Segunda-feira 1 de maio de 2018 | Presidente Prudente/SP

Redução da carga horária afeta 674 assistentes sociais na região

Carlos Hideki

Em 27/08/2010 às 18:18

A lei que regulamente a jornada de trabalho dos assistentes sociais para 30 horas foi publicada nesta sexta-feira (27) no Diário Oficial da União e atinge 674 profissionais da área na região. Contudo, 33 trabalhadores da Prefeitura de Presidente Prudente, seguindo ao estatuto do servidor municipal, continuarão com a carga horária de 40 horas semanais.
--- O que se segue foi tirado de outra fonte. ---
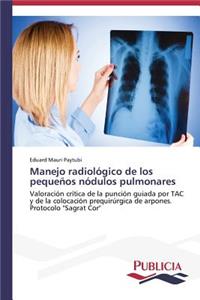 Manejo radiológico de los pequeños nódulos pulmonares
De acordo com a coordenadora do Conselho Regional de Assistência Social de Presidente Prudente, Maria Helena Veiga Silvestre, a aprovação da lei é uma vitória para a classe. “O pedido começou há dois anos com um abaixo assinado e agora conseguimos efetivar o nosso pedido com essa determinação”, fala.

Ela conta que não existia uma jornada de trabalho regulamentada. “Tem prefeituras em que o assistente social trabalha oito horas e entidades de varia entre quatro, seis e oito horas. Depende da carga de serviço”, explica a coordenadora.

“Era preciso mesmo essa lei porque o assistente social tem um grande nível de estresse por lidar com situações em que exigem qualificação e empenho em uma constante busca para que os diretos do usuário não sejam violados”, afirma Maria Helena.

Sobre o cumprimento da lei, a coordenadora fala que ainda não está claro quando começa a ser executada. “Ela não fala em adequação e prazo, tem apenas um artigo que diz entrar em vigor a partir de sua publicação, porém não se sabe como ficará essa situação a nível de gestão pública e entidades”, explica.

Prefeitura

A secretária de Assistência Social de Presidente Prudente pontua que “a lei não pode ser aplicada de imediato porque é preciso equacionar o horário de trabalho com a quantidade de assistentes sociais”. Ela lembra que existe um déficit de profissionais na Prefeitura. “Temos um modelo de equipe que não está todo composto devido à saída de funcionários”, expõe.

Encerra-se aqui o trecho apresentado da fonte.